Deshalb ist auch die heute hier getroffene Entscheidung von solch revolutionärer Bedeutung. Nur durch die Verkürzung der Arbeitszeit ist es möglich, dass die Arbeiterklasse die nötige Zeit hat, um sich die kulturellen und wissenschaftlichen Fähigkeiten anzueignen, die sie zur Verwaltung der Gesellschaft benötigt.
Lasst mich noch eine Begebenheit von Lenin zitieren, die Ihr vielleicht nicht kennt. 1919 organisierten die ArbeiterInnen in Bayern einen Aufstand und errichteten eine Räterepublik, die jedoch nur kurze Zeit überleben sollte. Als Lenin davon erfuhr, sandte er umgehend ein Telegramm an die Bayrische Räterepublik. Was schrieb er in diesem Telegramm? Es beinhaltet keine revolutionäre Rhetorik, keinen blumigen Phrasen, nur ein einziger Satz: ‚Führt sofort die 40-Stunden-Woche ein, sonst seid Ihr verloren.‘
In der Verkürzung der Arbeitszeit liegt eine enorme Bedeutung. Deshalb ist die Entscheidung der Cipla-Arbeiter auch derart wichtig. Die ganze Geschichte zeigt, dass es nicht möglich ist, eine Insel des Sozialismus in einem Meer des Kapitalismus aufzubauen. Wenn Ihr erfolgreich sein wollt, dann müsst Ihr rausgehen zu den anderen Fabriken, Büros, Dörfern, Schulen und erklären was Ihr hier macht. Ihr müsst Unterstützung aufbauen – nicht nur in Joinville und Santa Caterina, sondern in ganz Brasilien und darüber hinaus.

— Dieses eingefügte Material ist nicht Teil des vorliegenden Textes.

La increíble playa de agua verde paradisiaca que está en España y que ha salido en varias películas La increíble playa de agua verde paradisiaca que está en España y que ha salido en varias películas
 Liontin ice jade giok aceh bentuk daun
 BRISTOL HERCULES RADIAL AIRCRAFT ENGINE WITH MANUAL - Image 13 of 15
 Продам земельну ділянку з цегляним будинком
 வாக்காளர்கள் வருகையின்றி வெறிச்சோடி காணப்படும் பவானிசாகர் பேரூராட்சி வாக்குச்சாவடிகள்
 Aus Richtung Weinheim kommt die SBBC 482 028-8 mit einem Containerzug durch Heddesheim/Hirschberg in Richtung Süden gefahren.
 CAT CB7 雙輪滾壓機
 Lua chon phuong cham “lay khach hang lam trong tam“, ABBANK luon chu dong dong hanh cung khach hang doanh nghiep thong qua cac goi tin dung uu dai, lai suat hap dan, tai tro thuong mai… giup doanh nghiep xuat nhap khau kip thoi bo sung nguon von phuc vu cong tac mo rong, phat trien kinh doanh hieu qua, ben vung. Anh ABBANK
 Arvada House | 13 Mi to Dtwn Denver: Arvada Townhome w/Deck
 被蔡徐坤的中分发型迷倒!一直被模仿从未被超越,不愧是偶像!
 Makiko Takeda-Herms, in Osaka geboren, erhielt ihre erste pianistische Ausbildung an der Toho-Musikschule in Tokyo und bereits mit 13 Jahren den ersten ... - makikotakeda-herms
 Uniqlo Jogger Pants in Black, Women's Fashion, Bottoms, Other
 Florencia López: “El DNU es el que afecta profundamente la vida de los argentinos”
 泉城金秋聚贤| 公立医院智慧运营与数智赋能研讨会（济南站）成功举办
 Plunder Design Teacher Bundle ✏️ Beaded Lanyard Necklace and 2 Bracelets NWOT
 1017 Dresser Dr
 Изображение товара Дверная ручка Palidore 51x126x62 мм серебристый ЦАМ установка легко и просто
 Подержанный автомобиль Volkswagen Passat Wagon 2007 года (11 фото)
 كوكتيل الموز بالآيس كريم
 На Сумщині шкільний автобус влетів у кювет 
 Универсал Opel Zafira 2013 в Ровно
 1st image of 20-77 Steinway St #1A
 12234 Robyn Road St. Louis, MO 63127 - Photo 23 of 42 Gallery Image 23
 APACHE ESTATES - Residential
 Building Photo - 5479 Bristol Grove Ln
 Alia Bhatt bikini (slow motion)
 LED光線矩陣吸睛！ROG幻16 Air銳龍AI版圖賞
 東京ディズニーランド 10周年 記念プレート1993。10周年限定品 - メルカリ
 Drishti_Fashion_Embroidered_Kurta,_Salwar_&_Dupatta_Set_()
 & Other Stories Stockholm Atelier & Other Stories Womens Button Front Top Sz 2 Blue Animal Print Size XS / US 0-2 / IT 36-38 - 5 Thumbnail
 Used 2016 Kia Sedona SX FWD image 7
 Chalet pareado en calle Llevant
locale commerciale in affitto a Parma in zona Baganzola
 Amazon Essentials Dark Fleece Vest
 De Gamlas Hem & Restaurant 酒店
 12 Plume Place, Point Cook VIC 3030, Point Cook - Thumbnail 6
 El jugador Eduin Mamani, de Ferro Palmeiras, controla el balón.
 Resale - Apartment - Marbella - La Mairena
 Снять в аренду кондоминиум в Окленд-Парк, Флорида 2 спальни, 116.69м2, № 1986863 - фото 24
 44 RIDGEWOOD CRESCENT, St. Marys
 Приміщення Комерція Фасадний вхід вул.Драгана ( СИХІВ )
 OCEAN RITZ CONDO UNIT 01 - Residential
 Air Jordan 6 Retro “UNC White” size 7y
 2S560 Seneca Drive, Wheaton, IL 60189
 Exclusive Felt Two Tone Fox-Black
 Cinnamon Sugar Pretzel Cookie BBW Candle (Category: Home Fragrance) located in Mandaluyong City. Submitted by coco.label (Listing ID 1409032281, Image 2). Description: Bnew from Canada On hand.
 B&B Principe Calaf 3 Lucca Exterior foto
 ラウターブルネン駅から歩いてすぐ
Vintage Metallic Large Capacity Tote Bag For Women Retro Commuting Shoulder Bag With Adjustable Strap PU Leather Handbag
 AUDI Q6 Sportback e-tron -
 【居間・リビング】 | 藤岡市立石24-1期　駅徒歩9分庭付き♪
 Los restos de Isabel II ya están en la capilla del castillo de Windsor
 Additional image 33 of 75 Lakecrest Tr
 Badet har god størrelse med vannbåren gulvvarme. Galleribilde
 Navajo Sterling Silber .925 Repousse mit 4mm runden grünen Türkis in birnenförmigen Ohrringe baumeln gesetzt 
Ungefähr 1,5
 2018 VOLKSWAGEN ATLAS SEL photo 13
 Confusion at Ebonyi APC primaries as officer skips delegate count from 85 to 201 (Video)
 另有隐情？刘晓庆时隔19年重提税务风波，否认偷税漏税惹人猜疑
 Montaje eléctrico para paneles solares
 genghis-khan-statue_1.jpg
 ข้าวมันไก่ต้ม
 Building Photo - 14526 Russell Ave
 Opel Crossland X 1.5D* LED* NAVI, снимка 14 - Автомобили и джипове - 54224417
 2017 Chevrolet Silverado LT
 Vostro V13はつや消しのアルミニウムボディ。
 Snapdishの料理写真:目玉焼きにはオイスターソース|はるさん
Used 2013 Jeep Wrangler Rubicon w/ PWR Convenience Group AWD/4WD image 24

Es stimmt, dass große Verantwortung auf Euren Schultern lastet. Diese Konferenz kann in der Tat ein historischer Wendepunkt sein, wenn sie in konkrete Aktionen mündet. Wir dürfen nach der Konferenz nicht einfach nur nach Hause gehen und so weitermachen wie bisher. Diese Konferenz muss der Ausgangspunkt für eine landesweite und internationale Kampagne zur Unterstützung der besetzten Betriebe, für die Arbeiterkontrolle, für die Verstaatlichung des Landes, der Banken und der Großindustrie sein. Das ist der einzige Weg zur Lösung der grundlegenden Probleme der Arbeiterklasse!“ (Enthusiastischer Applaus)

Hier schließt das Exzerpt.